Historically, campaigns for abortion rights recognised the links to wider demands for social changes necessary for equality. In August 1970, when abortion was still illegal in the US, Betty Friedan and the National Organization of Women (NOW) organised a women’s strike for equality on the 50th anniversary of the passing of the 19th Amendment, which gave women the right to vote. The demands of the strike were for equal opportunity in the workforce, free childcare, free abortion on demand and the ratification of the Equal Rights Amendment (ERA), which would have ensured that “equality of rights under the law shall not be denied or abridged… on account of sex”.

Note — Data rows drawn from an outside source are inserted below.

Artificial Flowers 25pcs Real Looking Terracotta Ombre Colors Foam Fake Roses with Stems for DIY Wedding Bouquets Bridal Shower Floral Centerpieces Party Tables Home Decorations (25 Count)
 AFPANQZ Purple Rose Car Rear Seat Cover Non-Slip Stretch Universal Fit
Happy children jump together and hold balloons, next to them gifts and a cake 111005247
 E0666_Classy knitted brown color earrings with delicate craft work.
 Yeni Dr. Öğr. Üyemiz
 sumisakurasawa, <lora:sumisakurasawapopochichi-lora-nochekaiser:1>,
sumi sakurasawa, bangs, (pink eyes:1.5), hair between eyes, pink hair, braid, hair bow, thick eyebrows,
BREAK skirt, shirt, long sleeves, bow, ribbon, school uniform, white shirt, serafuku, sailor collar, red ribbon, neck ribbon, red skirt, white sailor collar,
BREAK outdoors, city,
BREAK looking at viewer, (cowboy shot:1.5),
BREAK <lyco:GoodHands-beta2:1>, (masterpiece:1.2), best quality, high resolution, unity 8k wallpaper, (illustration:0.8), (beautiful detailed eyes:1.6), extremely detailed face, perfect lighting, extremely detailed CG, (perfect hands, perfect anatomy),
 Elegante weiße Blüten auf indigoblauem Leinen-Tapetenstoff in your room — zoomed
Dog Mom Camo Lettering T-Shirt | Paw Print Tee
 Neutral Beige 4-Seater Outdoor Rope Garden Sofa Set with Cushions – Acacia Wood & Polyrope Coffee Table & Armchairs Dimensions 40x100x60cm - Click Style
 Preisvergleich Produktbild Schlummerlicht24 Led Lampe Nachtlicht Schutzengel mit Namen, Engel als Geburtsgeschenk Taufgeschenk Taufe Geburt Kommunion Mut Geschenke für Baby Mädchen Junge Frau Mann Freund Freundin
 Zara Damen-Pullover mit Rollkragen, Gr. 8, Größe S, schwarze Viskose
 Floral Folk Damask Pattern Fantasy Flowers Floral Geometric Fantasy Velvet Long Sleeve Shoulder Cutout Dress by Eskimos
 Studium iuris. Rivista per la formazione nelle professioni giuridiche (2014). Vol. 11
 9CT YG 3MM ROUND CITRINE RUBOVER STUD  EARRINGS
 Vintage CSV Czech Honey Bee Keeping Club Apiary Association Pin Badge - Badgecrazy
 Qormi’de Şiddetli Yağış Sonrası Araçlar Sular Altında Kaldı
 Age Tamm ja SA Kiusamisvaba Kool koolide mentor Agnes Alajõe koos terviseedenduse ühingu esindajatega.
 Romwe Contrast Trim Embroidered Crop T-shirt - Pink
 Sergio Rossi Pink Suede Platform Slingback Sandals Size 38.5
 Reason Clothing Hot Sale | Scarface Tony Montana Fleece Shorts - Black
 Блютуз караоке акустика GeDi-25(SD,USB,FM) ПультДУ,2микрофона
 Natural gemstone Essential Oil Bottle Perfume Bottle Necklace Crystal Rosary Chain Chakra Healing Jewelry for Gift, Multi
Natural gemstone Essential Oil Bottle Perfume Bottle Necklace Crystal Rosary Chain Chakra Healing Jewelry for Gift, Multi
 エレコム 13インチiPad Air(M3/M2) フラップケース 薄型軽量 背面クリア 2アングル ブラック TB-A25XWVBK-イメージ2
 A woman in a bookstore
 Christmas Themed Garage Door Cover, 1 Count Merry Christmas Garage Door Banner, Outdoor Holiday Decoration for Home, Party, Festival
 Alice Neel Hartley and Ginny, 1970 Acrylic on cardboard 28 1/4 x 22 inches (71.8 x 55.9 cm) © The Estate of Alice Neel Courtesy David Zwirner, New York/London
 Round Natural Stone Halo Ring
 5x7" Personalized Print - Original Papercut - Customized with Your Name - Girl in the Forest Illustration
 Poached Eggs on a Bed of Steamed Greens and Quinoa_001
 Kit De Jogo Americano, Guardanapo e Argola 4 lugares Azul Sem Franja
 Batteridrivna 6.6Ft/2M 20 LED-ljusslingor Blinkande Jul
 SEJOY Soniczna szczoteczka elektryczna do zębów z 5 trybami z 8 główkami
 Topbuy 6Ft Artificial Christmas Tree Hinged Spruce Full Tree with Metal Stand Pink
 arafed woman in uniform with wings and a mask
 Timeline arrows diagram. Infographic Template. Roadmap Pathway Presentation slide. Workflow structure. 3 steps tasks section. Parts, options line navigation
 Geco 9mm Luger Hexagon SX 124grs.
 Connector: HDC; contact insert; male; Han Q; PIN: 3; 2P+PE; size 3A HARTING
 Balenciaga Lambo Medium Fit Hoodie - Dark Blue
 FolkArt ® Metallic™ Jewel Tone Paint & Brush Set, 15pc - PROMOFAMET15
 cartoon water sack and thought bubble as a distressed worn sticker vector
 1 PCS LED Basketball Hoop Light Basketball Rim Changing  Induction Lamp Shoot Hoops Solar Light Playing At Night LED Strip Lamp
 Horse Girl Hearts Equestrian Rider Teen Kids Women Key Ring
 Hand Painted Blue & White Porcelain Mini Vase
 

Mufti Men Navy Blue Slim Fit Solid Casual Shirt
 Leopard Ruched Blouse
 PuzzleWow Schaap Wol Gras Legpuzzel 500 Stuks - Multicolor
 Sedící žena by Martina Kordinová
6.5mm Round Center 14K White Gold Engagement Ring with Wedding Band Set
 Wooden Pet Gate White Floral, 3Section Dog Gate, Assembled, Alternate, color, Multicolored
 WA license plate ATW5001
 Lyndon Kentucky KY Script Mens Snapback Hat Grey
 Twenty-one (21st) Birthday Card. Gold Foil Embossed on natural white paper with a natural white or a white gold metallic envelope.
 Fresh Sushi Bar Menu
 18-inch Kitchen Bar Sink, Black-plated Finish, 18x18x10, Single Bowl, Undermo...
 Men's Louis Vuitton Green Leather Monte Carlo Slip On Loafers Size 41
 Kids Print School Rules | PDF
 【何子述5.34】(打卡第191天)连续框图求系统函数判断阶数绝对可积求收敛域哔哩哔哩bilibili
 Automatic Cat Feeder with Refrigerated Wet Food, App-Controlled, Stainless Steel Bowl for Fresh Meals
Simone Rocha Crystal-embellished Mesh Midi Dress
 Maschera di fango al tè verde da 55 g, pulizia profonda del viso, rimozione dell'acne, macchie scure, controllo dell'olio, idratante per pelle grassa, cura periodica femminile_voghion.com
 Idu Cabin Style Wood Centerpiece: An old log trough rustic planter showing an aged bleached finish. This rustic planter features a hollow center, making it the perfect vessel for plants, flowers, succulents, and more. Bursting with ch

For feminists, abortion was important not simply as a matter of personal choice but also as a necessity, to allow women to enter the public sphere on their own terms. Hence the link between abortion, childcare, equal opportunities and equal rights.

That same year, Britain’s first Women’s Liberation Movement conference was held in Oxford. Its four demands were similar to those in America: equal pay, equal educational and job opportunities, free contraception and abortion on demand, and free 24-hour nurseries.

At a time when decent, affordable nursery facilities are barely available and abortion rights are being rolled back, these demands might seem utopian. They are, however, important in reminding us that abortion rights, childcare facilities and equal opportunities are all essential elements of the broad structural changes necessary for social equality.

Abortion is a women’s issue. Men don’t have abortions. But it’s not simply an issue for women. It’s an issue for all of us, men and women, who value women’s rights and a more equal society.